(Scraped caption text data)
*** Block opens ***

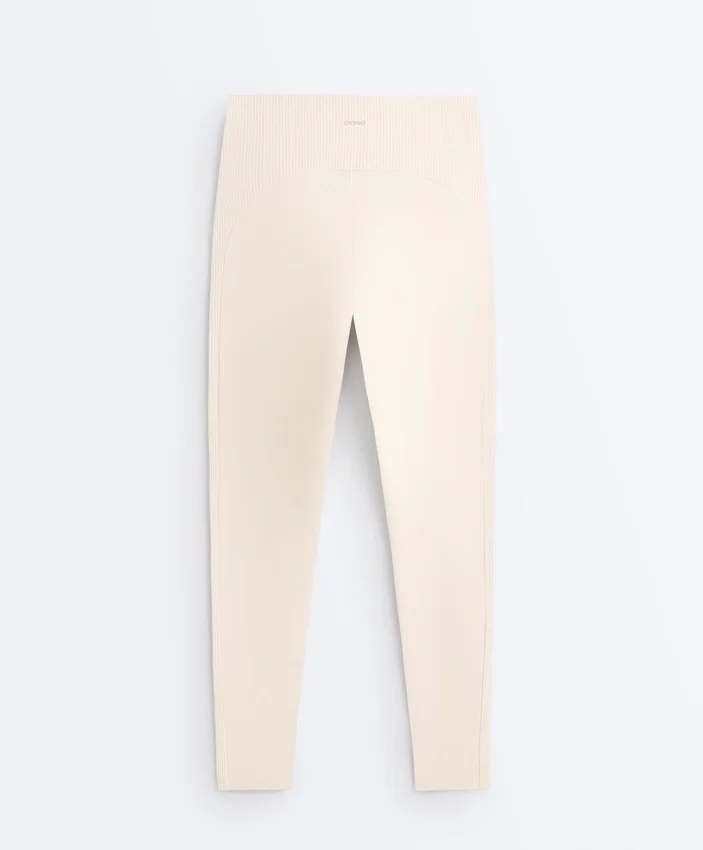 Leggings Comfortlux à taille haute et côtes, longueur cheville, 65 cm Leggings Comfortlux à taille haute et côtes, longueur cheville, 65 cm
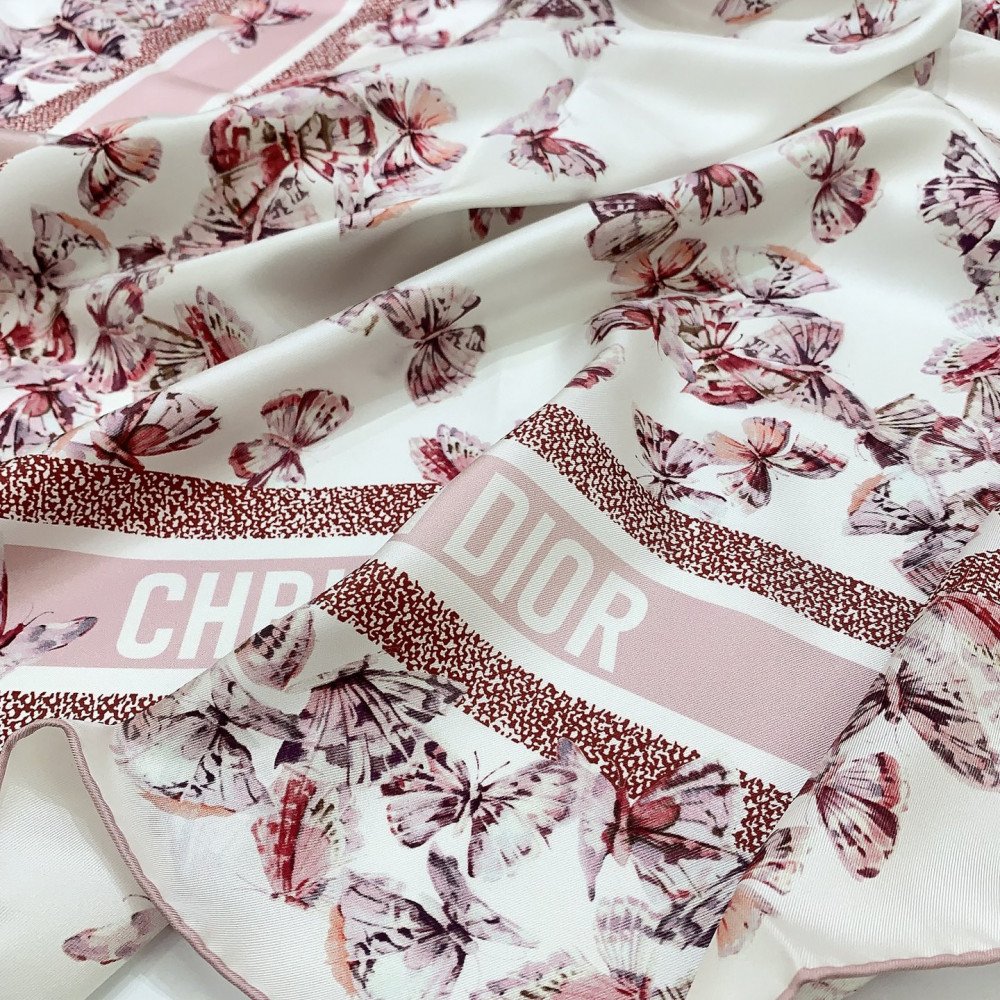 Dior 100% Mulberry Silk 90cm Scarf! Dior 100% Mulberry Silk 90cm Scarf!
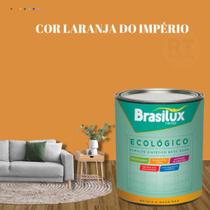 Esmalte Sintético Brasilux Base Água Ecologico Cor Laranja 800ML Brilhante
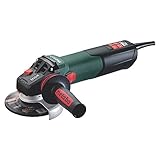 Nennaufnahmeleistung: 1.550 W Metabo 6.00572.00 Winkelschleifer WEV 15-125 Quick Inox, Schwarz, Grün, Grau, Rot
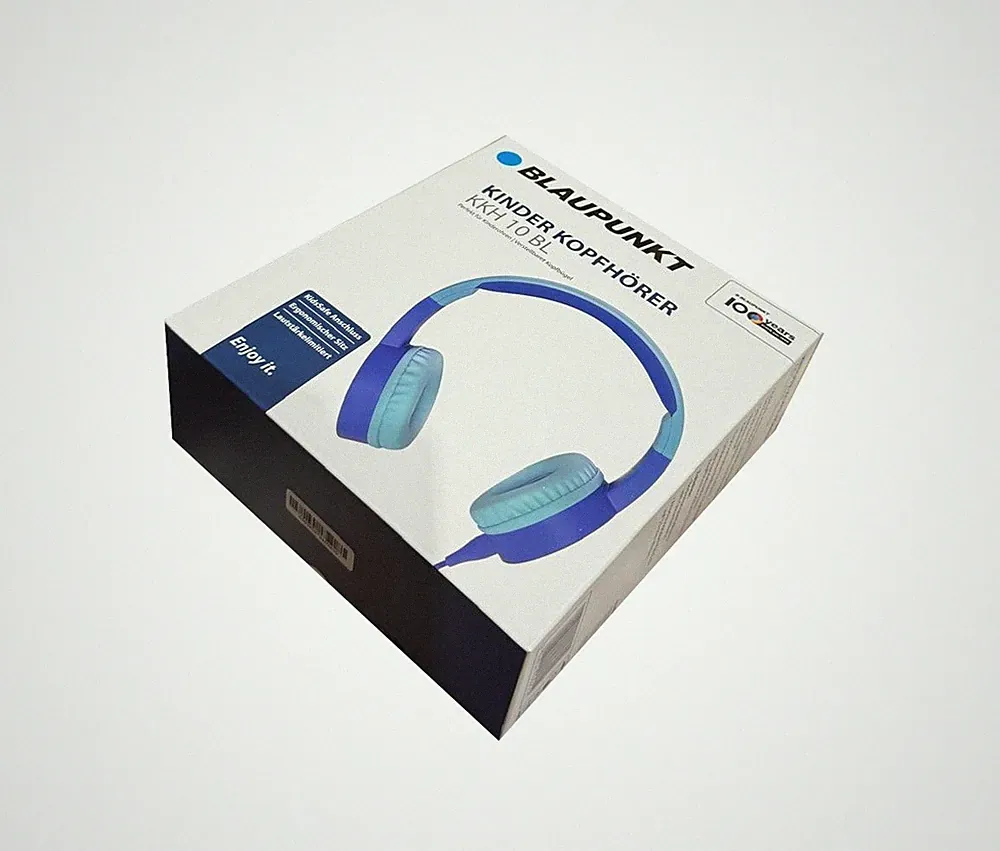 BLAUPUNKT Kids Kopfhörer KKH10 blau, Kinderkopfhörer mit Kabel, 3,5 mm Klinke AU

*** Block closes ***

(ACTIVITY)
Retype the data word for word, please, and keep the images out.

(ANSWER TO THE EXERCISE)
 Leggings Comfortlux à taille haute et côtes, longueur cheville, 65 cm Leggings Comfortlux à taille haute et côtes, longueur cheville, 65 cm
 Dior 100% Mulberry Silk 90cm Scarf! Dior 100% Mulberry Silk 90cm Scarf!
 Esmalte Sintético Brasilux Base Água Ecologico Cor Laranja 800ML Brilhante
 Nennaufnahmeleistung: 1.550 W Metabo 6.00572.00 Winkelschleifer WEV 15-125 Quick Inox, Schwarz, Grün, Grau, Rot
 BLAUPUNKT Kids Kopfhörer KKH10 blau, Kinderkopfhörer mit Kabel, 3,5 mm Klinke AU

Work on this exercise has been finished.